TC: You talked about your LPs. One of these LPs — your [anchor] LP — is Saudi Arabia. There’s been a lot of concern about Saudi Arabia, given the civil war in Yemen, this Washington Post journalist who was murdered. Has the Vision Fund’s relationship with Saudi Arabia changed? Do you have any qualms about deploying money on behalf of Saudi Arabia?

CB: Masa has spoken about this publicly right and about what a terrible tragedy that was and the fact that SoftBank doesn’t condone violence in any way. What SoftBank is trying to do is use capital to bring technology to areas of the world that might not have access to that kind of deep level of technology, until the effect that SoftBank is trying to have with that capital is actually quite positive.

I think that’s maybe is a message that sometimes gets missed.

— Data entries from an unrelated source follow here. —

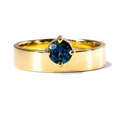 Large 925 Sterling Silver & 18K Gold Plated Engagement Jewelry Medium Round Brilliant Cut Sapphire Monolith Rings for Parties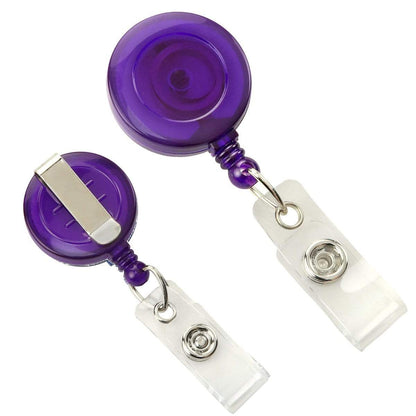 Two Translucent Clear Retractable Badge Reels with Belt Clips (2120-360X), designed for attaching and displaying ID cards. Sold by Specialist ID.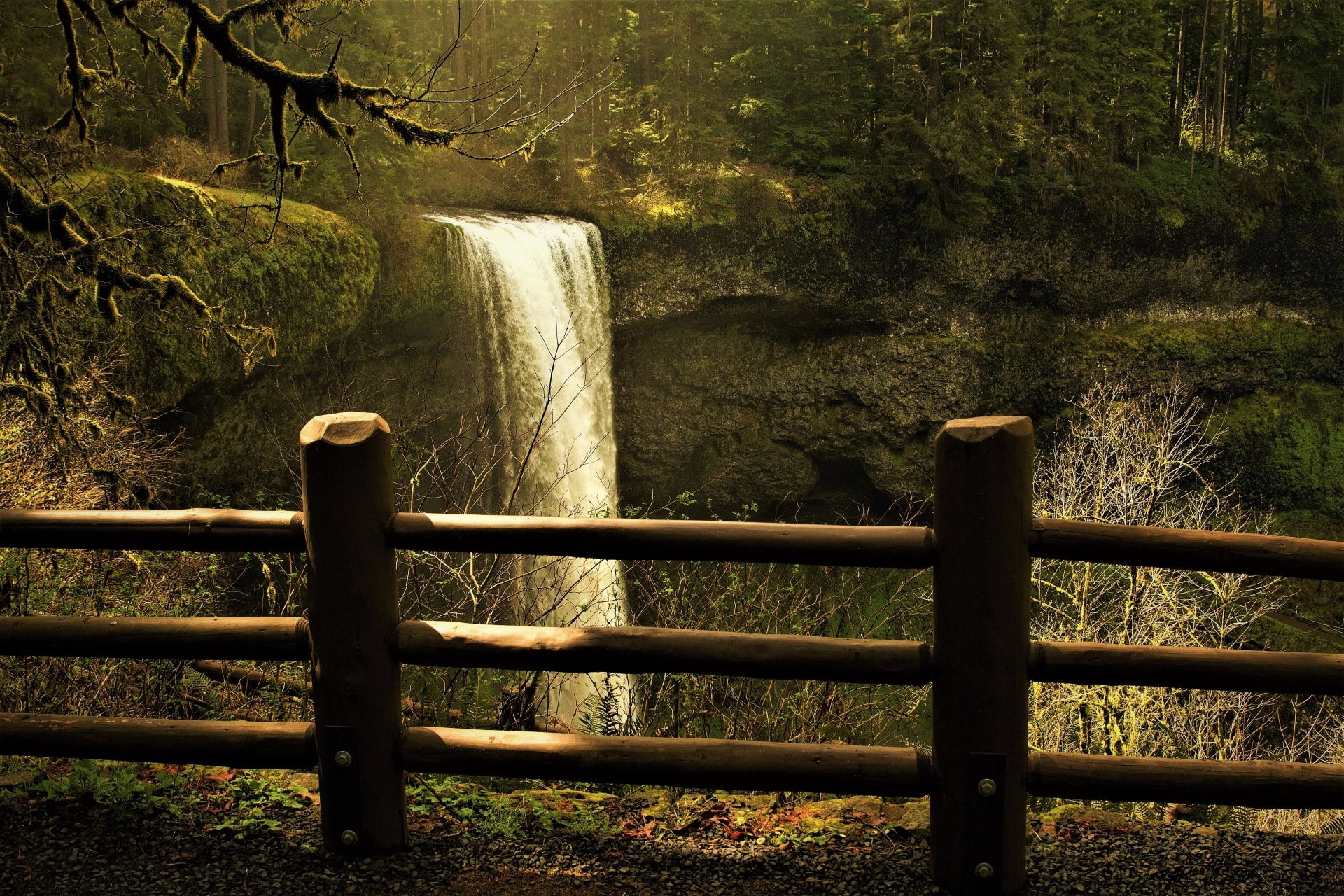 Waterfalls, Earth, Fence, Forest, Silver Falls, Silver Falls State Park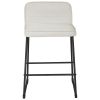 Channel Stitched Low Back Fabric Barstool with Sled Base, Set of 2, White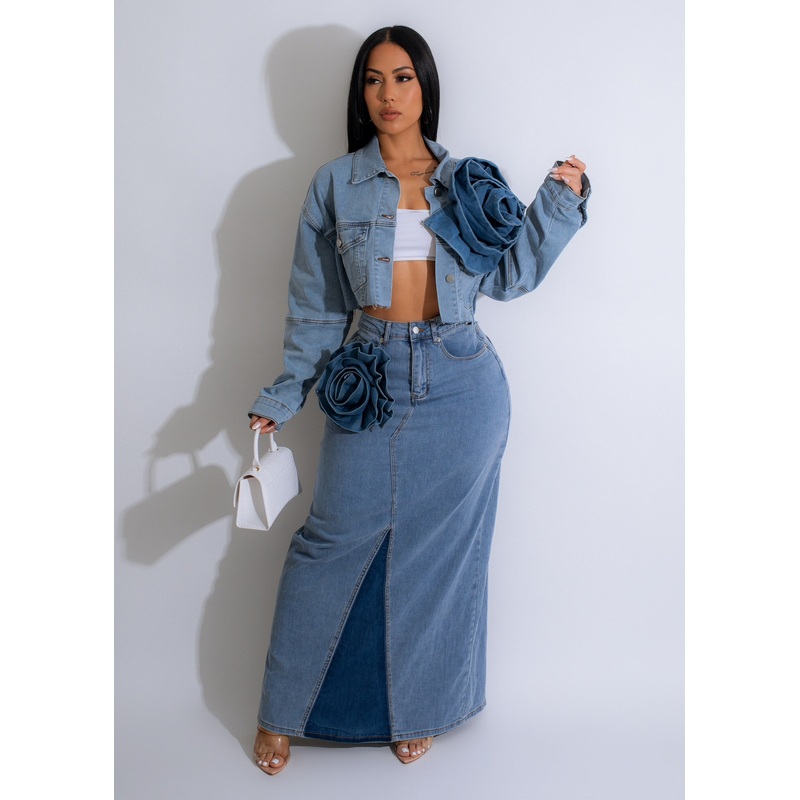 Pay Attention Denim Skirt Set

And you know if you meet Masa, he’s a very inspiring guy, and that really is his life mission and that really is the legacy that he wants to leave, even beyond himself.

TC: Andrei, in the U.S., SoftBank is sort of the bull in the china shop, aggravating a lot of investors, driving up valuations in many cases. How is it viewed by Accel?

AB: Broader events definitely shed some more focus on running businesses effectively. I would say whether it’s good or lean times or bad times, we’ve always been very focused on building a long-term sustainable business and helping founders focus on the long-term prize. And I think, certain situations in recent times have helped shed more light and kind of focus on having good operational metrics and a path to profitability long term.

It doesn’t quite change what we do. We’ve always been focused on building something that’s long lasting.